Lookup is not showing all results properly #22

Open toby200 opened 6 years ago

toby200 commented 6 years ago

Lookup command doesn't always return everybody that it should.

For example:

[6:47 PM] Tobiwan: /lookup Colonel Starck +7star
[6:47 PM] BOTAP-5R Protocol Droid: 2 players have Colonel Starck [+7star].
[6:47 PM] BOTAP-5R Protocol Droid: shadouw2
tyrovest

[6:42 PM] Tobiwan: /lookup Colonel Starck +6star
[6:42 PM] BOTAP-5R Protocol Droid: 5 players have Colonel Starck [+6star].
[6:42 PM] BOTAP-5R Protocol Droid: darsh
mayavi
murilo84sjc
shadouw2
tyrovest

But then using /server-info shows there should be 3 not 2 at 7 stars, and 9 not 5 at 6* or higher.

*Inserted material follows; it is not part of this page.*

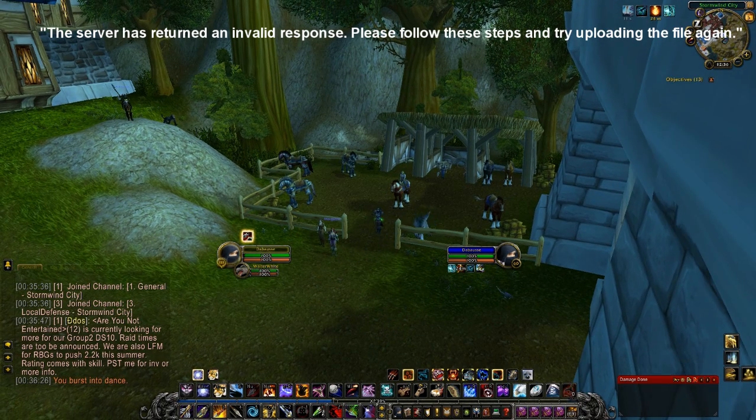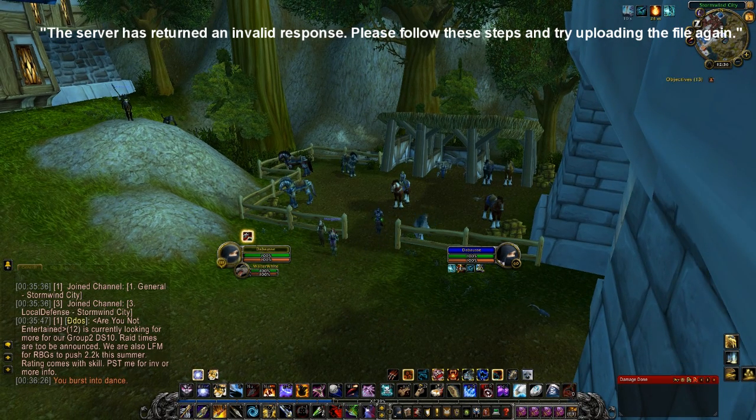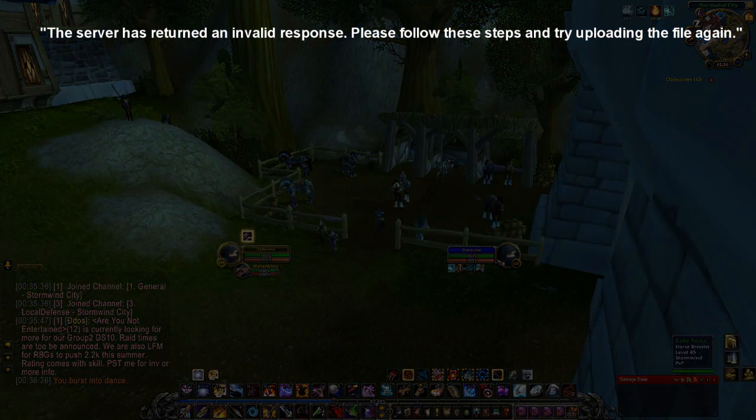I've been getting the response: the server has returned an invalid response, please follow these steps and try uploading the file again. I've tried all of the steps listed on that website, and it seems that a lot of people are getting this issue.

[10:35 AM] Tobiwan: /server-info Colonel Starck
[10:36 AM] BOTAP-5R Protocol Droid: From 176 AP-5R Bot Factory players, 32 have Colonel Starck

Stars:
3 at 7 stars
6 at 6 stars
14 at 5 stars
9 at 4 stars
ronoaldo commented 6 years ago

So this is a little odd, but happens because of cached data. Long story short, I started fetching data directly from the website for every command; once bot started to get rate-limits from the website, I implemented a cache, and this cache is not used by all commands. Hence server-info and lookup can return different results for several reasons (outlined bellow).

Background on the caching

After several attempts to write some sort of useful caching system that did not used a lot of memory, the best option was to parse the data once (since profiles changes only around 24hs) and save it to a shared DB where AP and other copies of it could load information from. Then I launched the https://swgoh-api.appspot.com/, a hosted API tool that crawls the site data and returns JSON (https://swgoh-api.appspot.com/v1/profile/ronoaldo). This tool returns saved data from Cloud Datastore, and this data is updated every 4 hours. A related issue is when this cache does not refresh. This can happen due to a bug in the parsing library: when a new character is introduced, the cache is not rebuilt and the API returns stale data. The API uses an IP pool and very very soft crawling so rate-limits here are uncommon or non-harmful.

What are the root causes of this issue?

Things can go wrong with server-info if the site rate-limit us: you may start to get inconsistent data between calls because the bot handles an rate-limit error as if the player does not have the character.

Things can go wrong with lookup if the API has stale data compared with the website, either because the API has an error and fails to update, or because the profile was updated but cache was not yet invalidated (cache is valid for at least 24 hours).

Suggestions to fix

Ideally both server-info and lookup should fetch data from the API only, not directly parse over and over and over the character data for each player on each command. This fix will make both consistent.

A second patch on the API to better handle caching (perhaps being more aggressive with caching?) should make then both commands as correct as possible due to the constraints.